Warnings for all versions of the addon need to be included, as the installed version may not be the latest version. Although, this is only a hard requirement for GUID search - keyword search can potentially only include data for the latest version.
Based on the assumption that many warnings will apply to more than one OS, the os attribute of <performance> elements is a comma-separated list of OS names. If warnings are different for the different OSes, then multiple <performance> elements can be included, with different values for the os attribuite. The values need to match the strings used by nsIXULRuntime.OS - "Darwin" for OSX, "WINNT" for Windows, "Linux" for Linux, "Android" for Android.
Each performance metric has a severity. Rather than use numeric values like usual (which has caused issues in the past when retroactively adding levels), the value would be a string. If the severity is "no impact", then that metric isn't included.

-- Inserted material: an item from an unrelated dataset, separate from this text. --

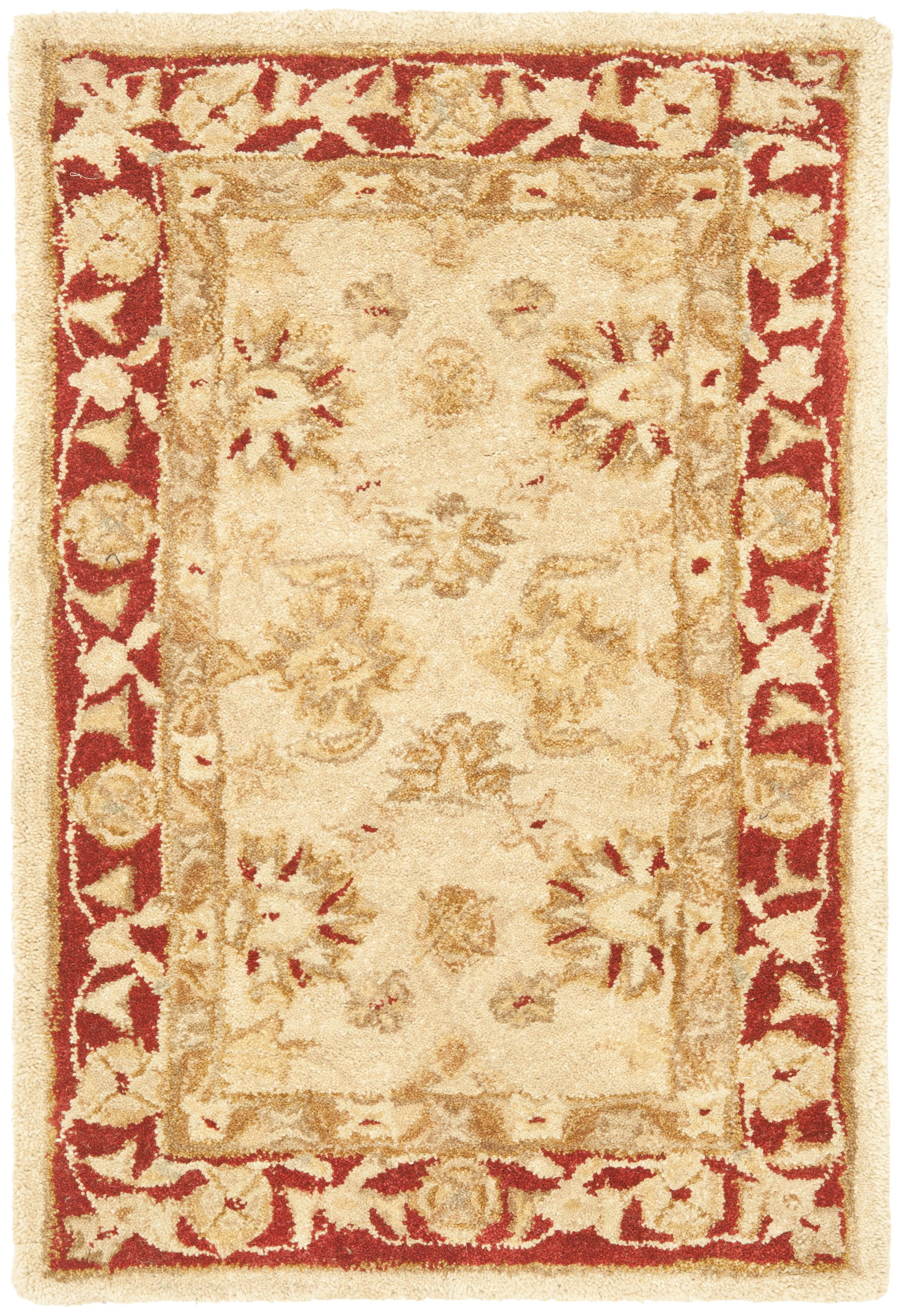 Ivory and Red Handmade Tufted Wool Round Rug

<?xml version="1.0" encoding="utf-8" ?>
<searchresults total_results="1">
<addon hosted="false">
<name>Addon Xtreme</name>
<guid>xtreme@mozzarella.com</guid>
<warnings>
<performance application="{firefox-guid}" os="WINNT" version="1.2.3">
<metric type="startup" severity="minor"/>
<metric type="general" severity="major"/>
</performance>
<performance application="{firefox-guid}" os="Darwin,Linux,WINNT" version="1.2.0">
<metric type="memory" severity="major"/>
</performance>
</warnings>
</addon>
</searchresults>
Open Questions
- (An add-on can have many versions which can have many files) AMO for the most part advertises versions to the end user and figures out what file to serve (often only differing in OS) automatically. Would it be more appropriate to associate performance data with add-on versions rather than files?
- A similar question for add-ons not hosted at AMO. Associating with GUID+Version sounds like the right thing to do there anyway.
- How this works for add-ons not hosted at AMO is ignored in the steps above still.